The river was flowing at 10,000 cubic feet per second, gauge height was at 11 feet when I left my truck at the take out and I figured one of the problems I might face was the shallow nature of the river. If I had to repeatedly walk, my on water time would be longer than what I wanted given the cold. The Susquehanna’s rocky snaggle toothed character was evident through the low water. By the time I was dropped off at the put in 3 miles upstream, the dam was flowing 50,000 cubic feet per second, the river rose 3 feet, and my worry was now too much water, too fast that could drive me into a strainer or exposed rock. I wouldn’t have much control relative to the force of the river.
I flowed out from the Octoraro and hoped the visibility would improve once I was clear of its muddy trail. I only saw tan. Finally the bottom came into view and blurred past as I approached the head of a gravel bar submerged by the rising flow. I swam towards the middle of the river, and floated with the current. An immature eagle circled close overhead, and seemed curious about what I was. A mature eagle took flight from a shore line tree when I was next to it and multiple herons grunted off rocks as I passed.
Unseen rock behemoths forced large mushroom waves of water up from the bottom. Leaves that fell and entered the river this autumn were churned up with other bits of detritus that were swirled and pulverized. This is the food that drives much of the river ecosystem, and every time I approached a place where the water was forced up, I witnessed this process of detritus cycling that is so critical to the rivers ecology
Occasionally large rocks emerged through the murk then disappeared just as fast, but for the most part, I only felt their effects. I learned that splashing on the horizon meant the approach of a rapid, and so I occasionally lifted my face from the water to scan downstream. I wanted to spend more time in the rapids, to play in the eddies, but didn’t want to take more risks. I wasn’t sure exactly how long this trip would take, and my hands were already painfully numb. I wanted to hang behind some of the larger rocks to see if any fish were holding. I wanted to investigate some of the small tributary streams that flowed into the Susquehanna. But most of all I wanted to make it, so I passed up the urge to explore and kept heading downstream.

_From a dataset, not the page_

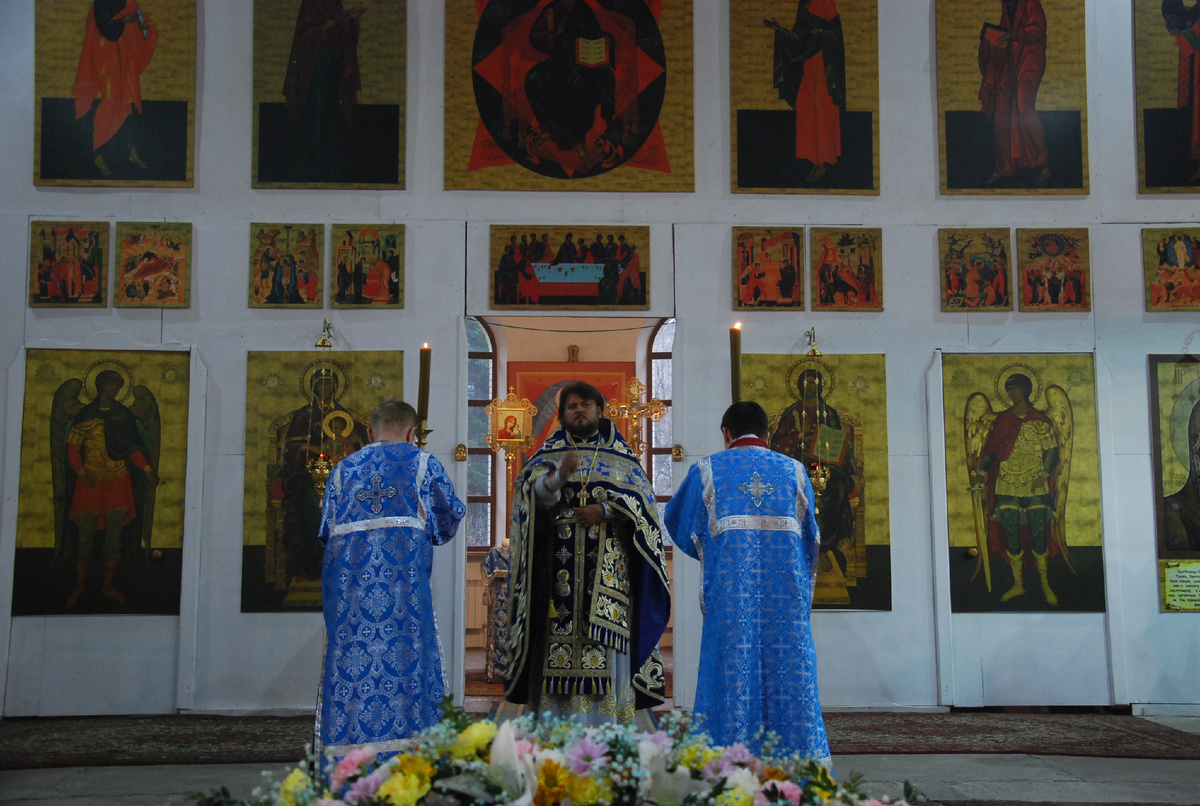 Благочинный Раменского округа игумен Никодим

I reached the take out without incident, a lot faster than I expected, and good thing. My hands were so numb they were almost unusable. I was only barely able to open my truck door and start it for some heat. The rewarming process was excruciating.
This trip gave me a completely new perspective on this river, a new and different understanding and respect. It gave me pride for facing the fear of being alone on big water without a boat. Mostly it made me want to come back to explore some more with mask and snorkel. There is so much river and so little time.